Smartphones with screens larger than 5.5 inches are slicing into demand for smaller tablets — those between 7 inches and 7.9 inches — which accounted for 58% of global tablet shipments last year. Tablets are especially feeling the pinch in China and other emerging markets. (Fittingly, Apple's forthcoming iPhone 6 is expected to sport a larger screen to take advantage of the market shift.)

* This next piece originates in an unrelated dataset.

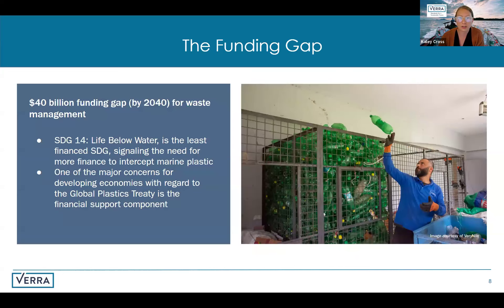As we look ahead, there is a significant funding gap for waste management efforts. By 2040, we face about a $40 billion funding gap for waste management. Sustainable Development Goal 14, which addresses life below water, is the least financed SDG, revealing a critical need for more investment in combating marine plastic pollution. Moreover, developing economies are particularly concerned about how they will financially support obligations outlined in the Global Plastics Treaty. All of these challenges underscore the necessity for innovative financial mechanisms to support the financing needed for infrastructure development that minimizes plastic pollution.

Tablets don't require replacement as often, too, because they're frequently the second or third computing option among consumers, says Patrick Moorhead, principal analyst at Moor Insights & Strategy. Nonetheless, he expects an uptick in tablet sales the rest of the year, possibly after a new iPad is unveiled.

A wild card has been the emergence of the ultra-mobile PC as a bridge between the traditional laptop/desktop computer and the tablet. "Ultra-mobile PCs have given business professionals and consumers the mobility they've demanded while still allowing them to run more resource-intensive business applications (that) tablets have traditionally struggled to address," says Jay Hallberg, chief operating officer of Spiceworks.

The market machinations have come amid a years-old chorus of "The PC is dead." But older users remain holdouts for larger devices with larger screens and type to read. Tablets are, for the most part, devices to play games and watch videos, Feibus says.

Is the conventional — OK, old school — view of tech returning?

Not exactly. Interest in mobile devices based on Web page views over the past six months rose 9%, while all other personal electronic devices — PCs, laptops and tablets — dipped, says Kontera.